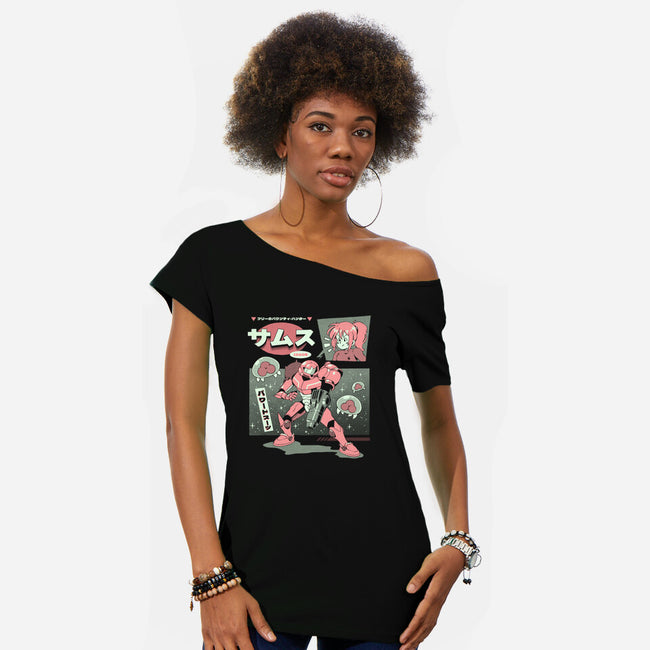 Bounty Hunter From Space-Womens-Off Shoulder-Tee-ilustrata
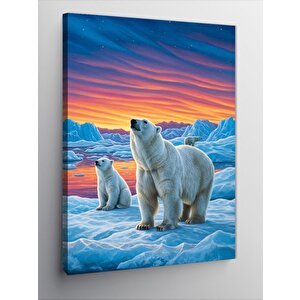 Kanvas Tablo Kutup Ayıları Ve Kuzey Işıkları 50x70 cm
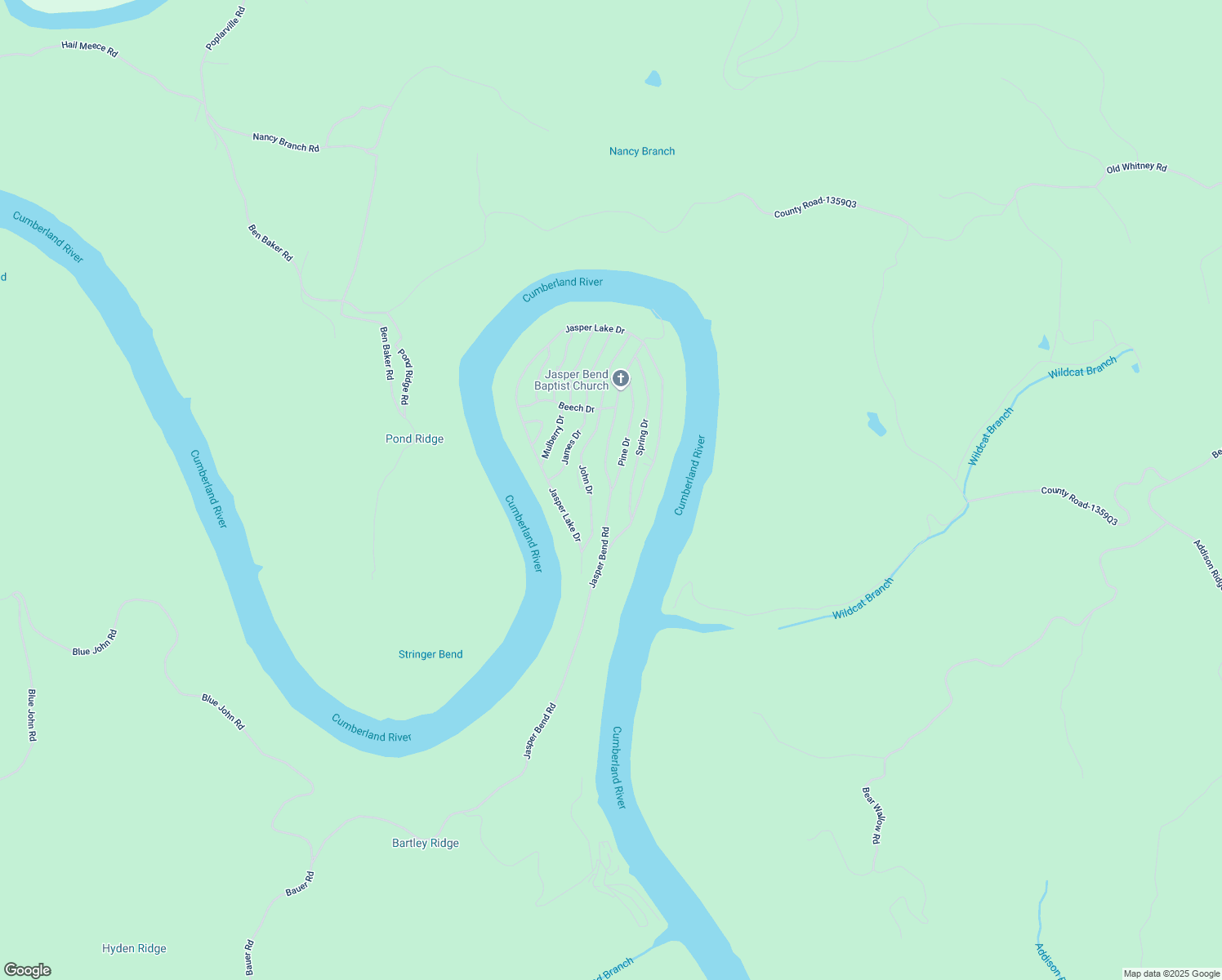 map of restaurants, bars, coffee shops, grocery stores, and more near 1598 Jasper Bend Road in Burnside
────────────────────
### Task goal
Beginning at the line with "Kanvas Tablo Kutup" and ending at the last line of the listing above, retype each line exactly, including those two lines. Leave the pictures out.

### Answer to the exercise
 Kanvas Tablo Kutup Ayıları Ve Kuzey Işıkları 50x70 cm
 map of restaurants, bars, coffee shops, grocery stores, and more near 1598 Jasper Bend Road in Burnside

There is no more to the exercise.